RECORDED INFORMATION:
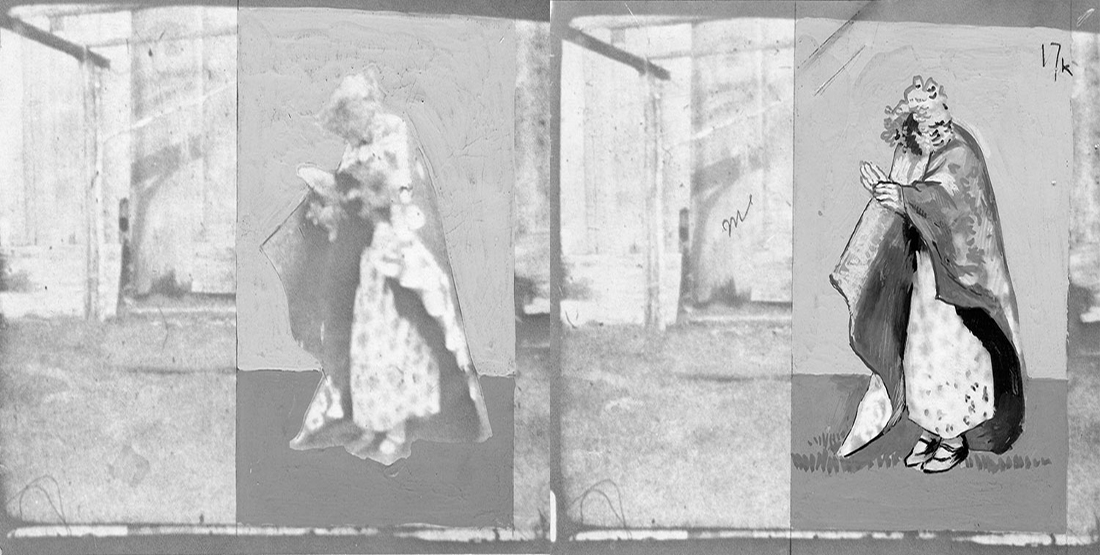 work product from a historic photograph showing a woman dancing 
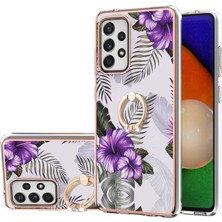 Cool-M Mermer Desen Imd Tasarım Parmak Yüzüğü Kickstand Tpu Telefon Koruyucu Kapak Çantası Samsung Galaxy A52 5g / 4g / Galaxy A52S 5g (Yurt Dışından)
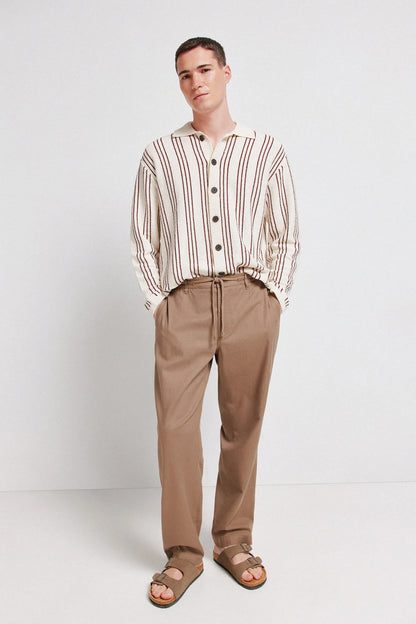 Springfield Brown Men Dobby Straight Fit Trousers SKU: 1553715_35 Image 01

WORK REQUEST: Please give the material above again in full, with no pictures in your version.

SOLVED EXERCISE:
 work product from a historic photograph showing a woman dancing 
 Cool-M Mermer Desen Imd Tasarım Parmak Yüzüğü Kickstand Tpu Telefon Koruyucu Kapak Çantası Samsung Galaxy A52 5g / 4g / Galaxy A52S 5g (Yurt Dışından)
 Springfield Brown Men Dobby Straight Fit Trousers SKU: 1553715_35 Image 01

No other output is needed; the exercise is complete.